The questioner had just listened to a podcast in which the speaker said that guest posting was a better way to drive traffic to a blog. Better than what? I don’t know. But I answered that to my mind, guest posting was darn hard work and since a couple of Google updates, guest posting backlinks were not seen as a strong indicator of your blog’s own value. Black hat, content farms and other dodgy SEO tactics put paid to the honesty of the backlink. It’s a case of throwing the baby out with the bathwater – both genuine guest posting and spammy guest posting were lumped together. I think Google can ‘sense’ more dubious links. But, let’s be frank, Google has around 200 algorithm factors that rank our blogs in search, so guest posting isn’t the be and end all. Also, guest posts are one of the hardest ways to get that single backlink.
Think about it, with a guest post you have to pitch and then get the guest post in the first place, research the topic more acutely than you might otherwise, and then, when it’s posted on the third-party site, hope someone clicks through to your site. The chances are the reader will stay put on the larger more renowned site you’re guest posting on! Wonderful, the other blogger says, thanks for the free content!
I’d prefer to get my own SEO going nice and robustly and rely on myself. There are easier ways to get backlinks. If you’ve come across a guest post advocate, do ask yourself about their motives. Perhaps the source is trying to sell you an ecourse on how to guest post successfully to quadruple your traffic?
Off page SEO is more than about guest posting.
But what is off-page SEO?
Let’s recap first. On-page SEO is everything we do on our blog posts and pages, and in tweaking our site structure (categories, for example) to help Google, Bing and other search engines understand what our blog is about and whether it’s a quality source on our chosen topics.

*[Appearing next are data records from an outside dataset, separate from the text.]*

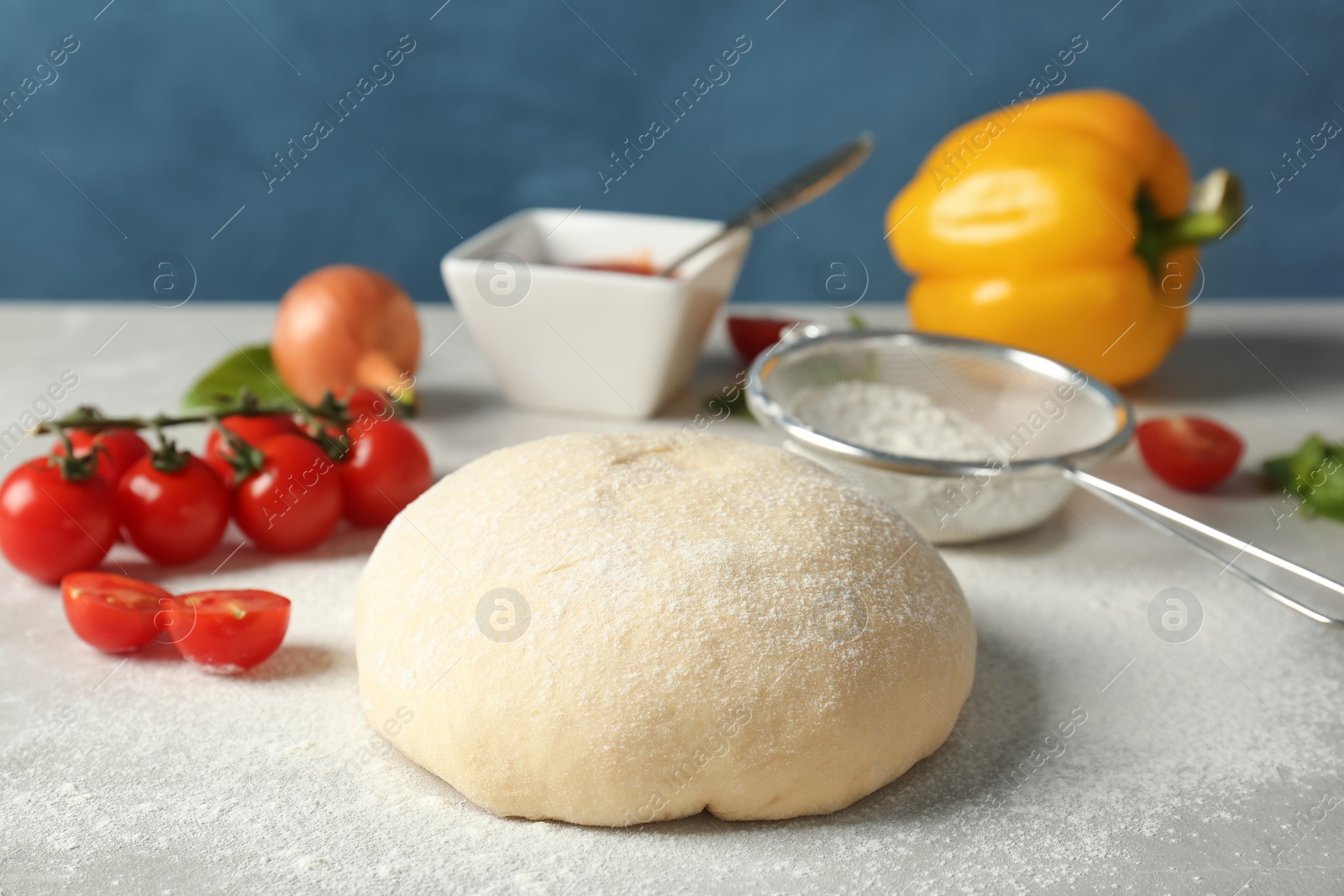 Photo of Fresh dough and ingredients for pizza on table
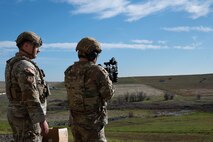 U.S. Air Force Airman 1st Class Colin Goyette, left, and Airman 1st Class Victor Gomez, 9th Security Forces Squadron (SFS), installation entry controllers, participate in mobile target training at Beale Air Force Base, California, Jan. 14, 2025.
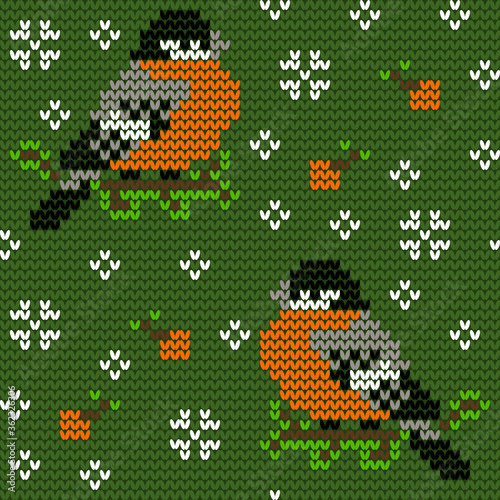 Jacquard knitted seamless pattern with cute bullfinchies, rowanberries and snowflakes. Winter background with nature and birds. Scandinavian style. Vector illustration.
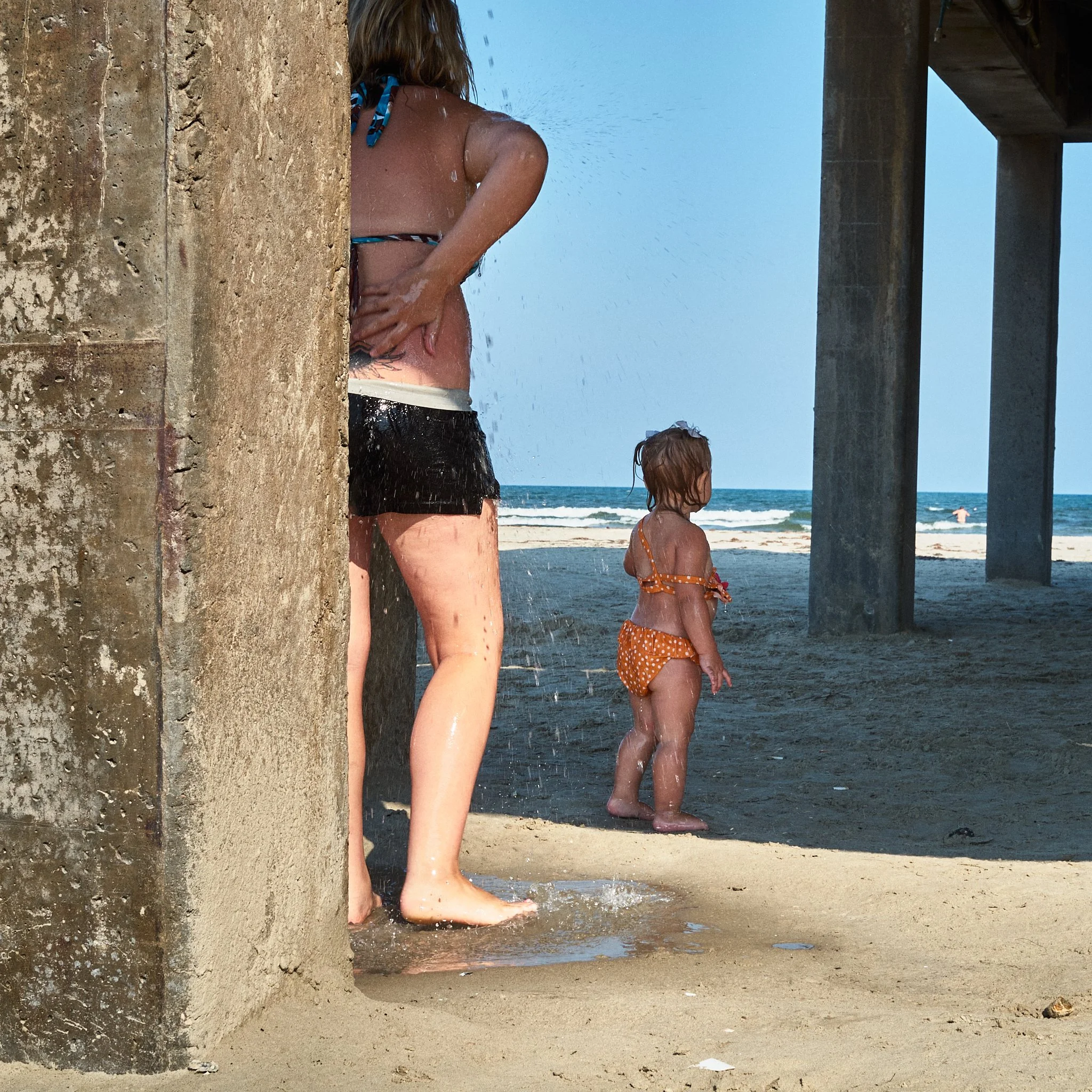 A woman and a small girl standing under a pier at the beach, with ocean waves in the background. The woman is washing her hair under a concrete pillar, and the girl is looking towards the ocean.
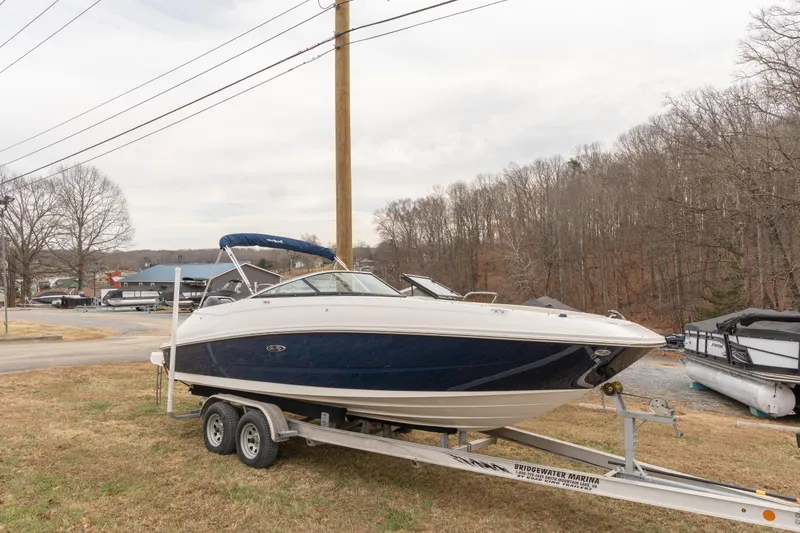 Slide: The Image of 2014 Sea Ray 240 Sundeck Outboard on trailer, parked outdoors near trees. - 3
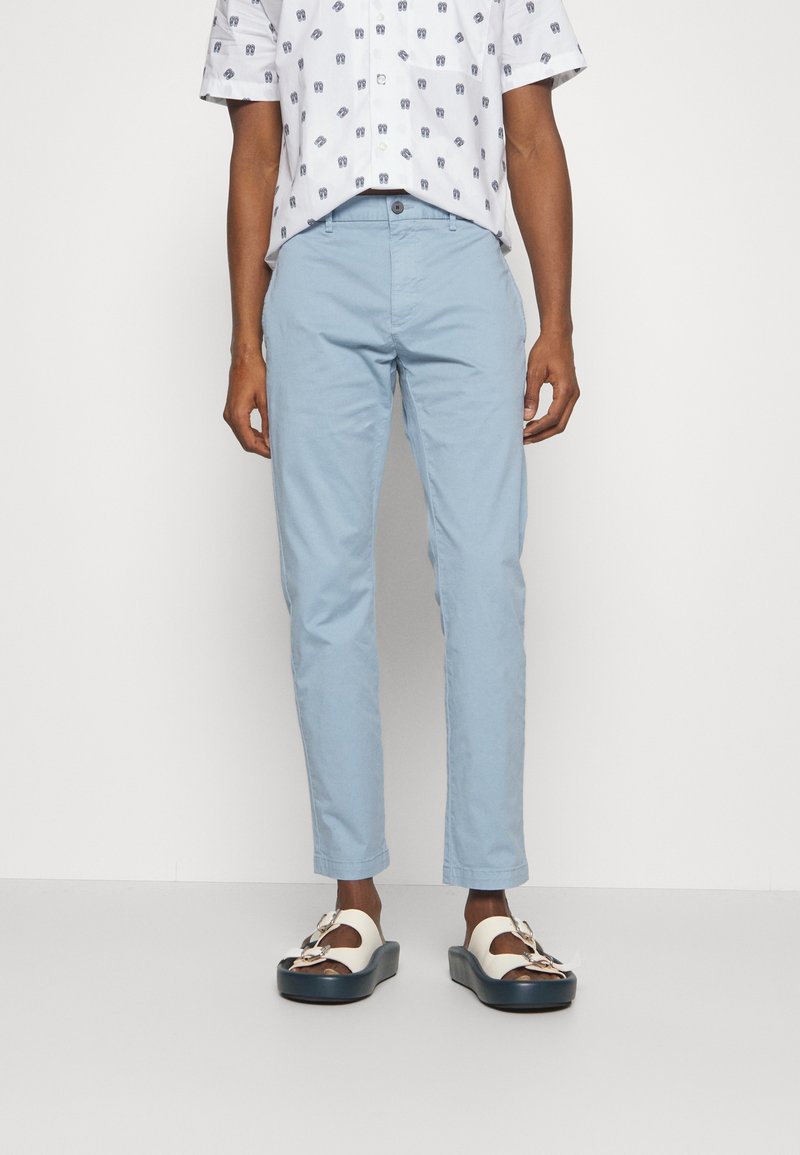 Homme portant un pantalon slim ajusté bleu clair, une chemise à manches courtes blanche à motifs, et des sandales blanches avec des semelles épaisses noires et des boucles.
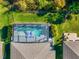 Aerial view of a screened-in pool with blue loungers in a backyard with lush landscaping and a black fence at 753 Daybreak Pl, Longwood, FL 32750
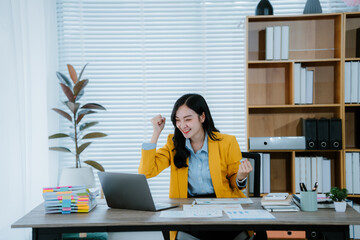 Young beautiful asian businesswoman using calculator while working with financial data and laptop...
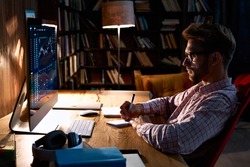 Focused business man trader analyst looking at computer monitor, investor broker analyzing indexes, financial chart trading online investment data on cryptocurrency stock market graph on pc screen.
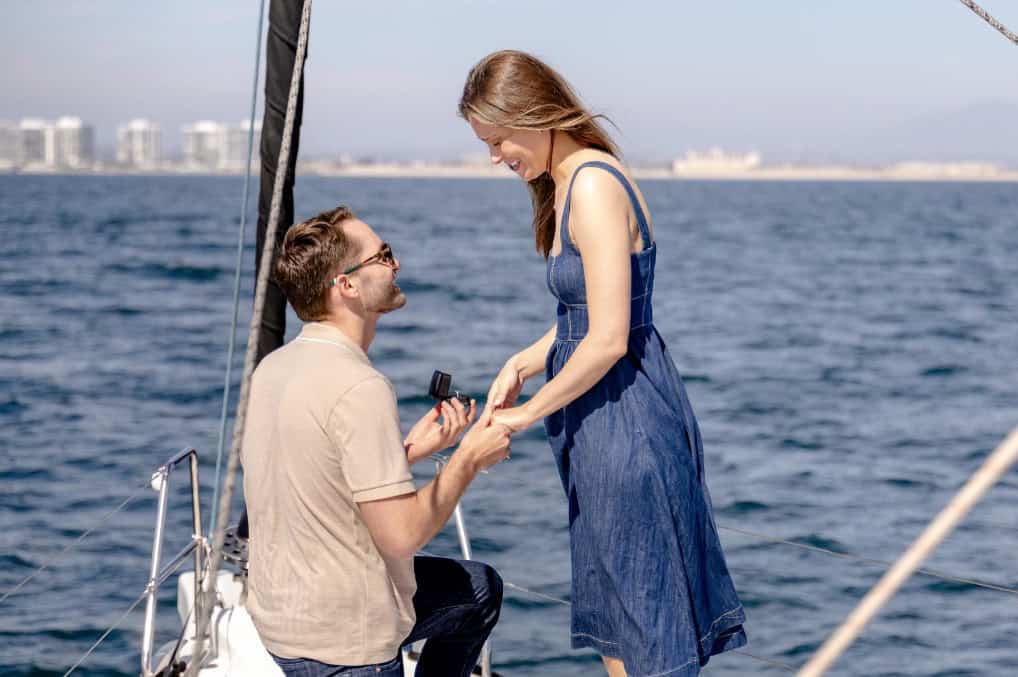 A man proposing to his girlfriend on the deck of the Riviera sailboat.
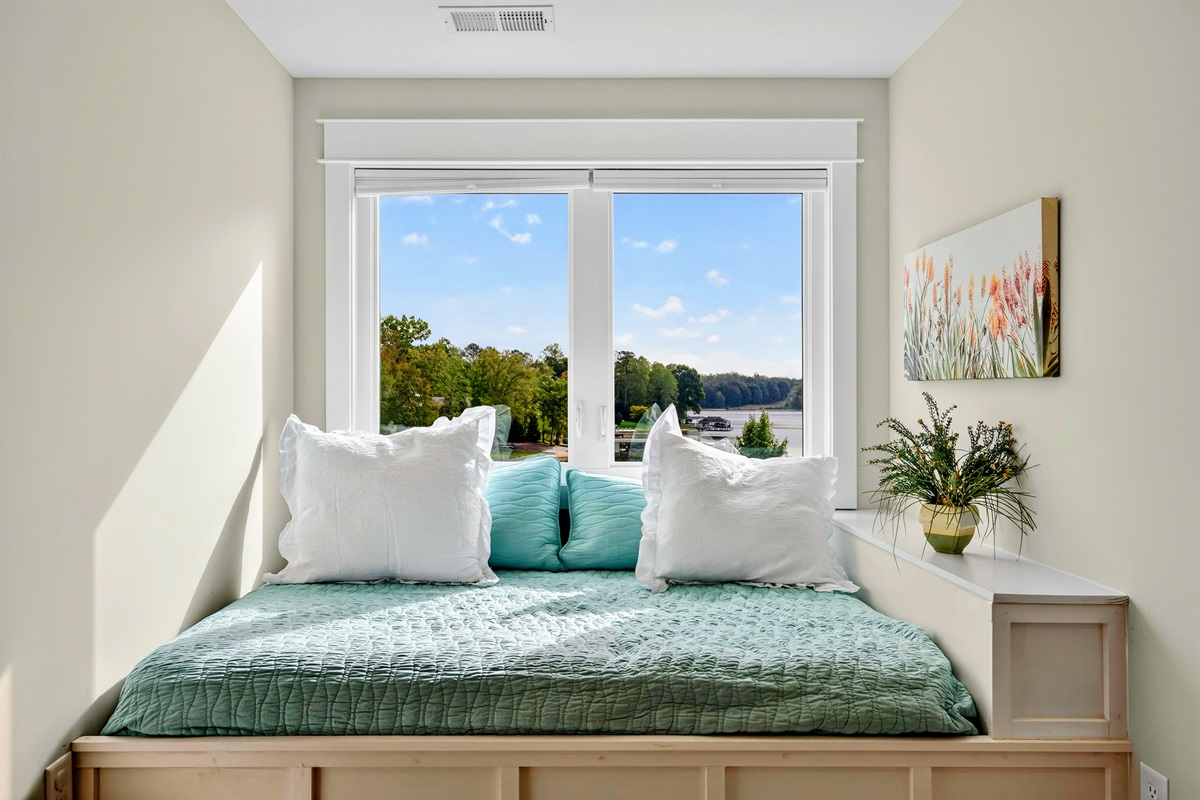This full size window bed is adorable! The lake views are spectacular! It can also serve as such a cute reading nook. this extra bed is a game changer for parents!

Off page SEO is everything we and others do on other sites to give value to our blogs. Basically, if others find our blog content valuable, they might link to it or give it a mention even if not a linked one. Both those routes are important link juice to us. As the search bots come across us more often through links and mentions, they will think, ‘ah, that’s a blog worth noting and ranking higher for this, that and the other term or topic’.
But how can you influence those mentions or even create them, without seeming spammy? Promote ourselves out there we must do as it’s unlikely that in our early blogging years a more authoritative A-list blogger is going to do a shout-out for us.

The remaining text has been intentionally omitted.